┏━━

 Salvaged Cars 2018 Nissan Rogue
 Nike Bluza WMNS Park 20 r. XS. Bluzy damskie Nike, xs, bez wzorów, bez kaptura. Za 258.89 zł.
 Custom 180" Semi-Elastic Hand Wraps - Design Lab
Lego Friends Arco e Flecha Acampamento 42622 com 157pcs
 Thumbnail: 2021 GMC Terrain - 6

┗━━
┏━━

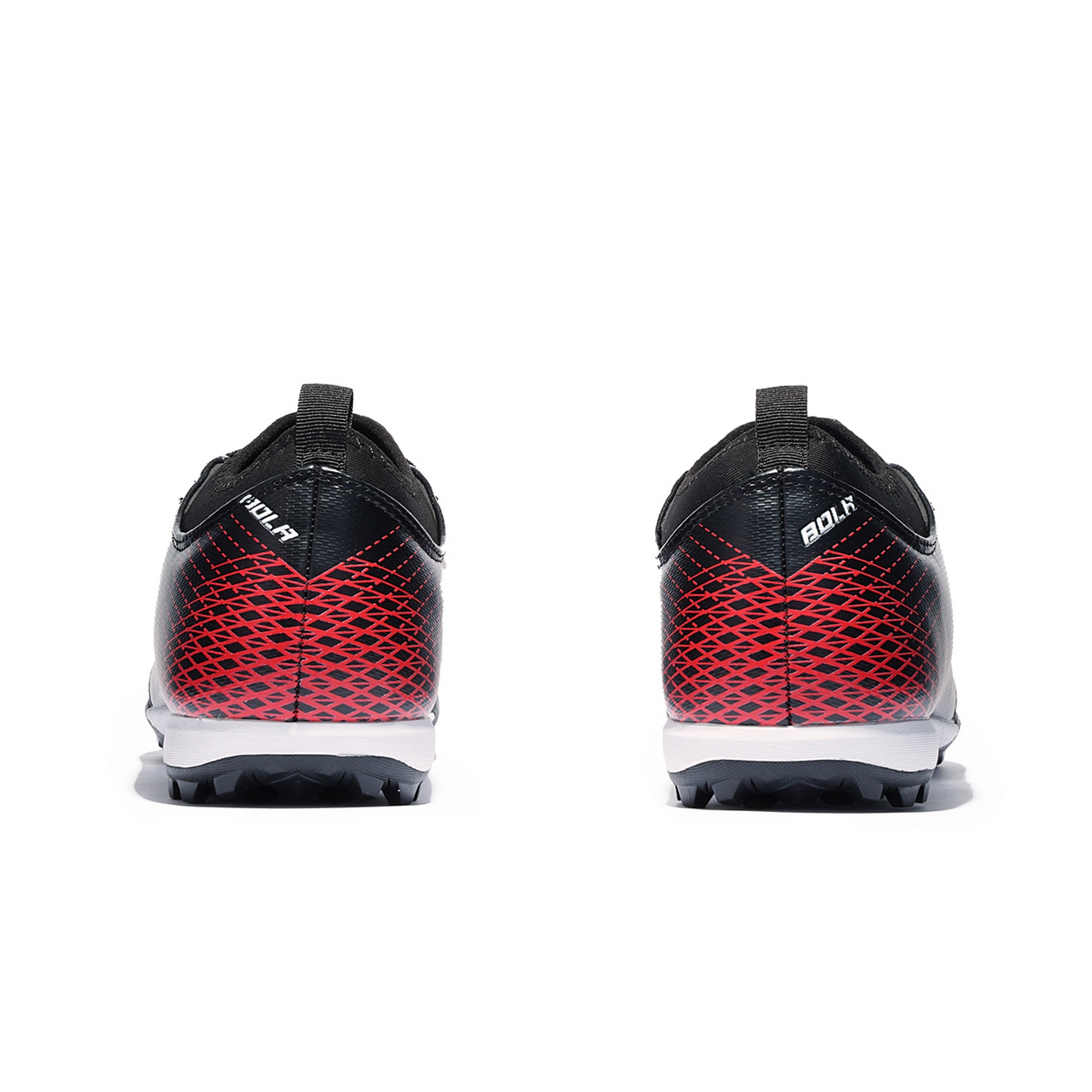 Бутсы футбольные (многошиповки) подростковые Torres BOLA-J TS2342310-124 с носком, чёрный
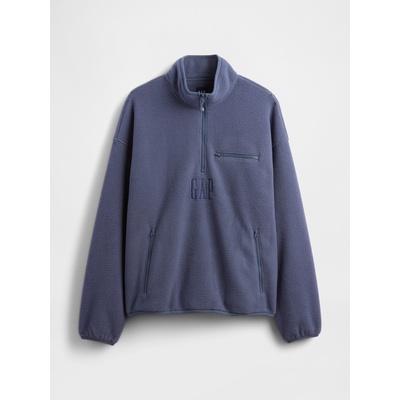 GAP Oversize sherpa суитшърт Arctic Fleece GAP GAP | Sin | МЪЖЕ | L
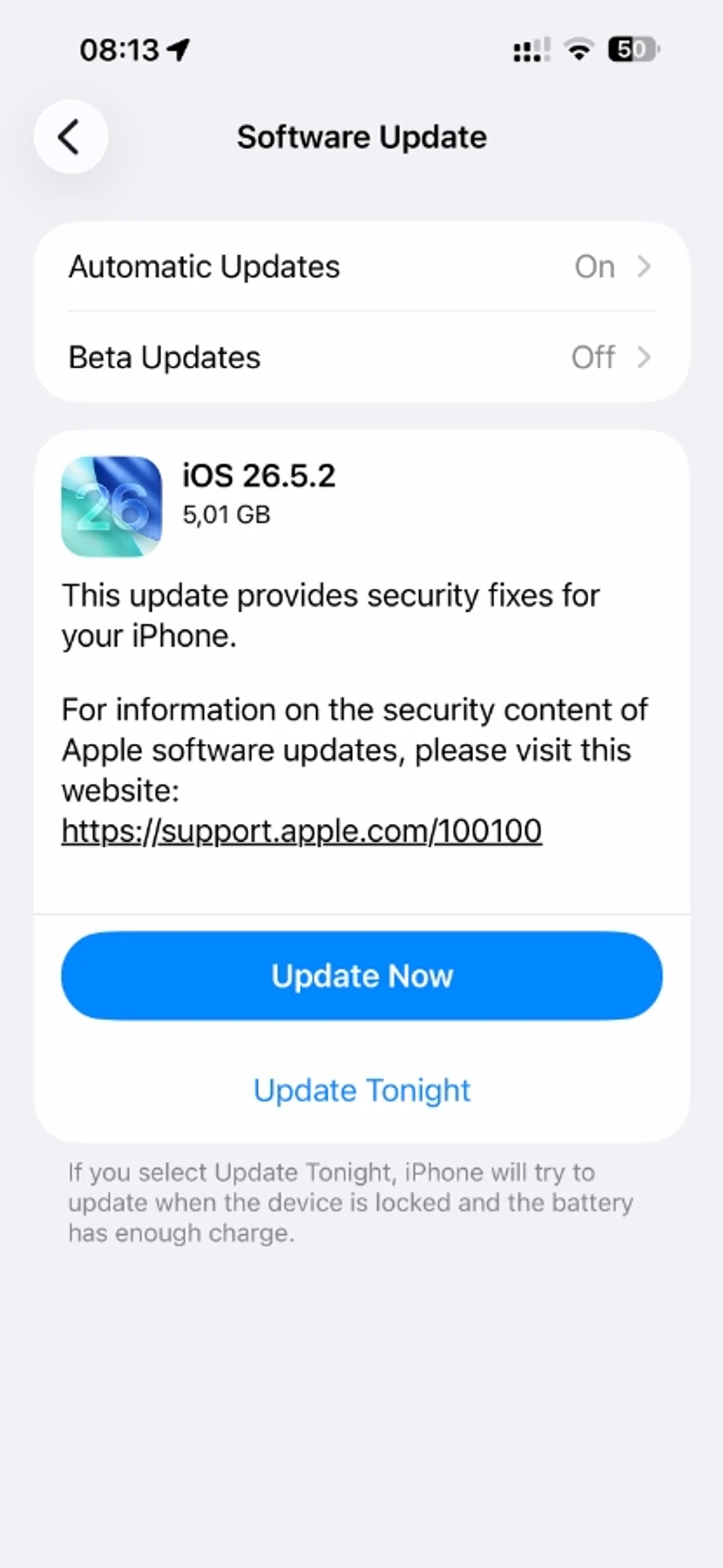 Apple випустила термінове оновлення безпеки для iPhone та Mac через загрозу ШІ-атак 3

┗━━

- [What you should do] The material above holds pictures; leave them out. Repeat exactly the lines from the one containing "GAP Oversize sherpa" through the one containing "Apple випустила термінове", and nothing else.

- [Result]
 GAP Oversize sherpa суитшърт Arctic Fleece GAP GAP | Sin | МЪЖЕ | L
 Apple випустила термінове оновлення безпеки для iPhone та Mac через загрозу ШІ-атак 3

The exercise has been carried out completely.